Trading giants to swap ideas before WTO

Series Title
Series Details 19/09/96, Volume 2, Number 34
Publication Date 19/09/1996
Content Type

Date: 19/09/1996

TRADE Commissioner Sir Leon Brittan is in for a hard month.

In the wake of a two-day meeting with EU trade ministers which ends today (19 September), he travels to Seattle next week to meet their counterparts from the US, Canada and Japan for their biannual consultations.

Like most meetings of trade officials this autumn, the so-called 'quad' meeting will focus on preparing for the first ministerial meeting of the World Trade Organisation (WTO) in December.

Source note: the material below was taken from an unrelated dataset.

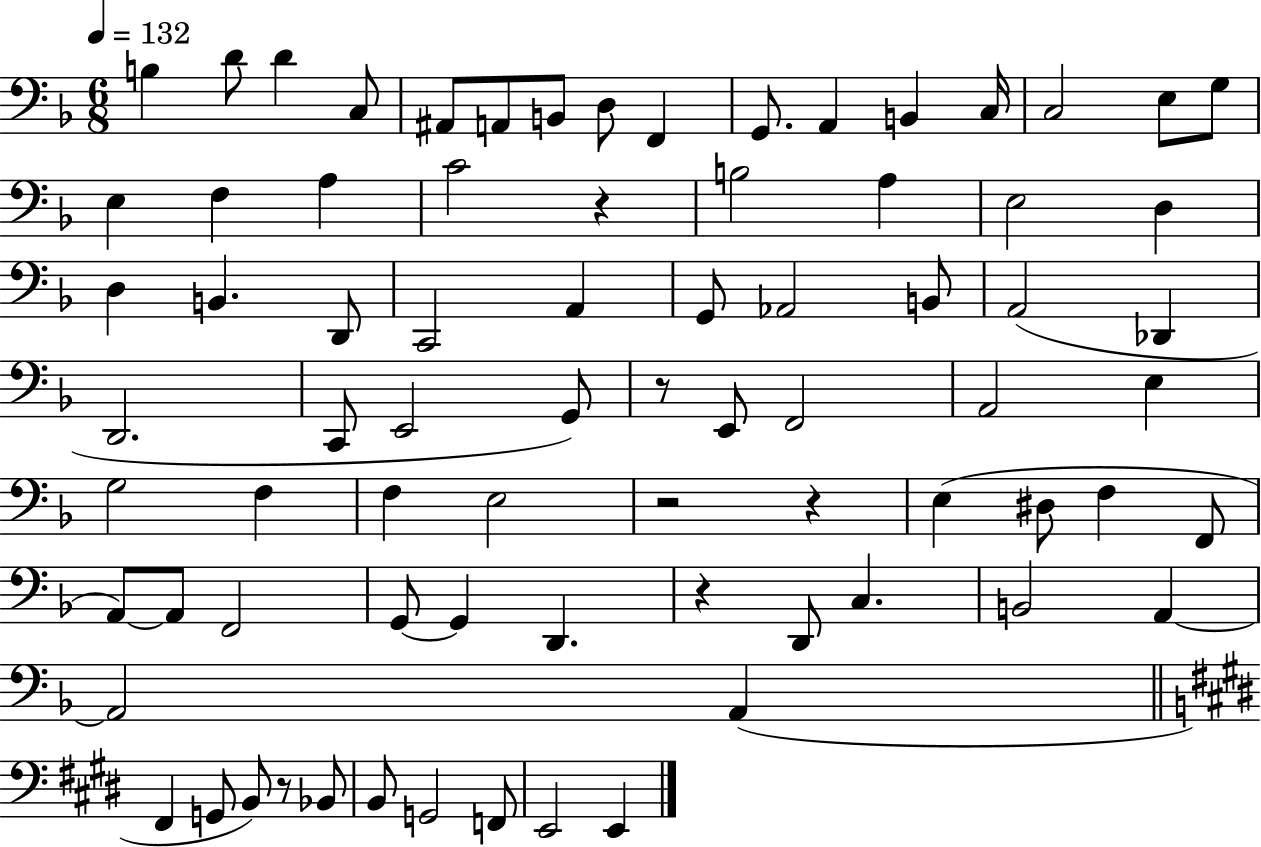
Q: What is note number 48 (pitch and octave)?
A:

But, as is also the case in most trade-centred conversations this year, attention will be diverted by the ongoing feud between Washington and its trading partners over its threatened sanctions against anyone profiting from Cuban property expropriated from Americans.

Canada has been hardest hit by the Helms-Burton legislation, and trade officials expect International Trade Minister Arthur Eggleton to complain loudly.

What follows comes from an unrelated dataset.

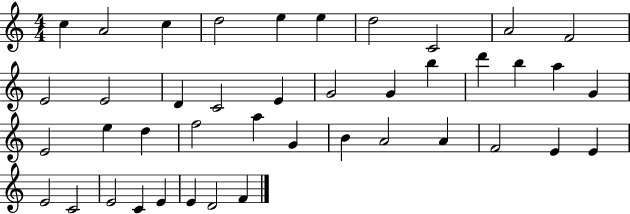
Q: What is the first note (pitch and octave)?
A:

Brittan has taken up the cudgels on the Helms-Burton legislation with vigour, even though EU investments in Cuba are almost negligible.

On behalf of Union governments, the Commission is drafting a blocking statute which Europeans could use to check the impact of both Helms-Burton and the more recent D'Amato legislation designed to punish Europeans investing in the oil sectors in Iran and Libya.

“We want to keep the maximum pressure on the Americans to change Helms-Burton, to show them we will not flinch,” said a Brittan aide this week.

While threatening that EU governments could approve the blocking statute next month - perhaps when Union foreign ministers meet on 1 October - he admitted that the regulation would probably not take effect before the US elections in early November.

US Trade Representative Charlene Barshefsky is unlikely to concede any ground to either Brittan or Eggleton in Seattle.

More important to European companies would be progress at next week's meeting on a number of ongoing debates in the WTO. Before they meet with 100 other colleagues in Singapore, the quad partners need to consolidate some of their own positions.

One key point on the agenda will be the goal of a world-wide agreement to liberalise telecommunications markets by next February. A previous attempt failed in April, and EU officials want to prepare the ground for a better result this time.

The four trade chiefs will also discuss whether the WTO should push for global deals in several other areas. “We want to hear our partners' views on investment, competition and labour standards,” said an EU official.

Agreement on those issues in Seattle would create a formidable force when the four trade giants reach Singapore.